= Eva Gräfin Finck von Finckenstein =

German politician (1903–1994)

Eva Gräfin Finck von Finckenstein (née Schubring; 3 December 1903, in Berlin - 13 March 1994) was a German politician, representative of the German Christian Democratic Union.

Eva Schubring was born in Berlin to the art historian Professor Schubring. She visited school in Berlin and studied national economics at the University of Berlin. In 1928-33 she was the managing editor for foreign affairs of the Vossische Zeitung in Berlin. After the Nazis took over power in Germany she retreated from politics.

She was first married to screenwriter Ayi Tendulkar and after her divorce she married Gottfried Graf Finck von Finckenstein in 1934, with whom she had five children. After her marriage she lived in Terpen in East Prussia. At the end of World War II she fled to Schleswig-Holstein, where she published a journal "Die Hausfrau" (The housewife) in 1949/50. In 1950 she joined the League of Expellees and Deprived of Rights (BHE) and became the personal assistant of BHE Chairman Waldemar Kraft and the party's press referent.

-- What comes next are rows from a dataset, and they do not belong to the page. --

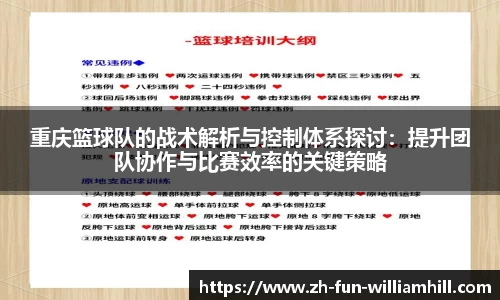关键词1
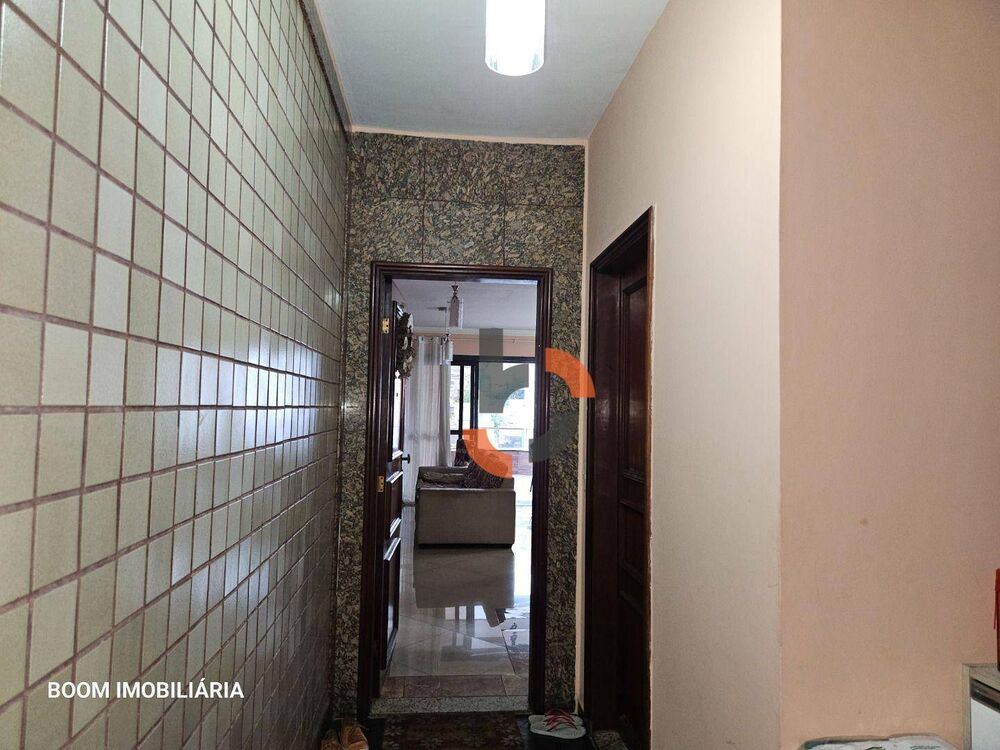 Cobertura à venda com 3 quartos, 188m² - Foto 2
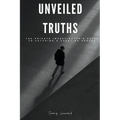 Unveiled Truths: The Private Investigator's Guide to Catching a Cheating Spouse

In 1953 she was elected a member of the German Bundestag.

In 1954 she was not reelected into the BHE board, which led to the resignation of Waldemar Kraft as BHE Chairman. In 1956 Kraft, Finckenstein and Theodor Oberländer joined the CDU Fraction, which led to the decline of influence of the BHE in German politics.

Finck von Finckenstein was not again elected to the Bundestag and retreated from politics.